The Commemorative Medal for Foreign Operations or Missions (, ) is a military decoration of Belgium. It was established on 13 April 1993 and is awarded to military and civilian members of the Belgian Armed Forces who participated in operations or missions outside of the territory of Belgium.

Insignia 
The medal is circular and is struck from bronze, the obverse bears the Escutcheon-only version of the Coat of arms of Belgium under the royal crown and surrounded by the text Missions ou opérations à l'étranger - Buitenlandse opdrachten of operaties. The reverse of the medal bears a laurel crown along the outer circumference.  The blank area within the wreath may be used to engrave the recipients' name and date of the award. The ribbon is golden with three thin longitudinal stripes of black, green and black near the outer edges. 

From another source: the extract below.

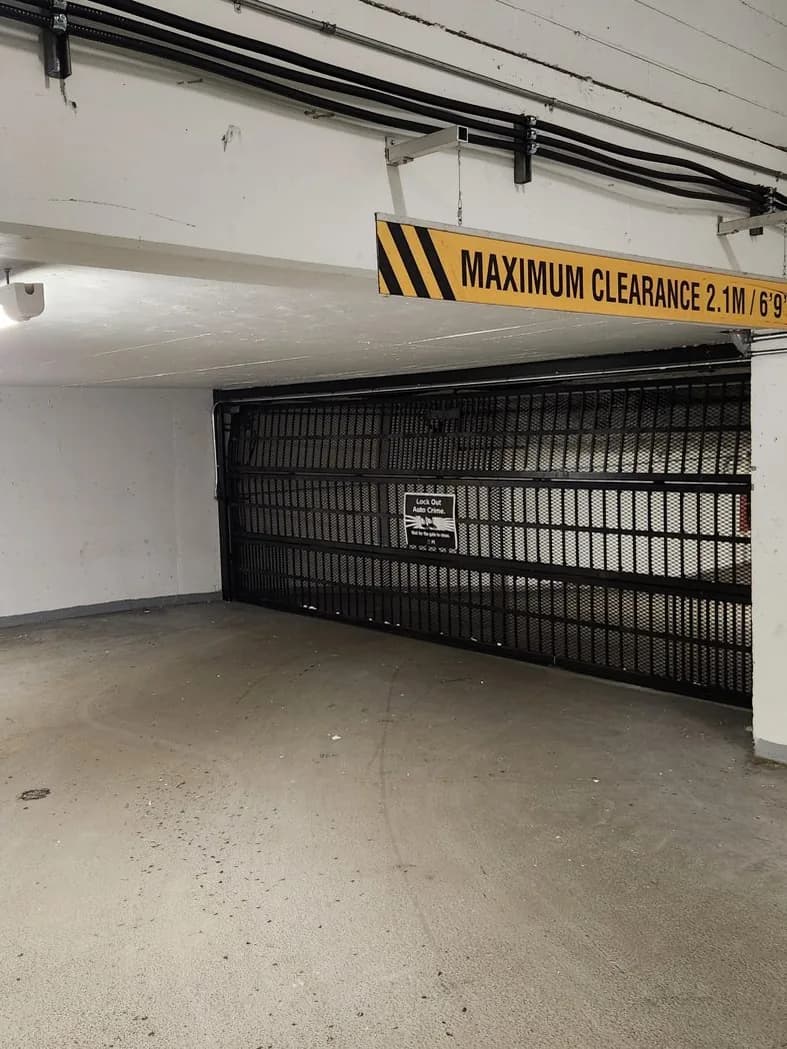 Strata parkade gate — real Up & Down job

The ribbon is adorned with an Arabic numeral that denotes the number of operations or missions the recipient has participated in. Prior to 2004, the various operations or missions the recipient had participated in were denoted by small bronze clasps bearing the name of the operation or mission like for the Commemorative Medal for Armed Humanitarian Operations.

Award Conditions
The Commemorative Medal for Foreign Operations or Missions is awarded to military and civilian members of the Belgian Armed Forces who participated in good standing, in humanitarian, peacekeeping, peace enforcement or international security operations or missions outside the territory of Belgium for a minimum duration of one month. The list of the operations for which the medal is awarded is included in a separate Ministerial Decree (see references), which is amended on a regular basis. 

As for the Commemorative Medal for Armed Humanitarian Operations, Belgium does not award different medals for each operation. If a person participated in more than one such operation, they receive the Commemorative Medal for Foreign Operation or Mission for each of these operations, the number of award being represented by the number displayed on the ribbon. 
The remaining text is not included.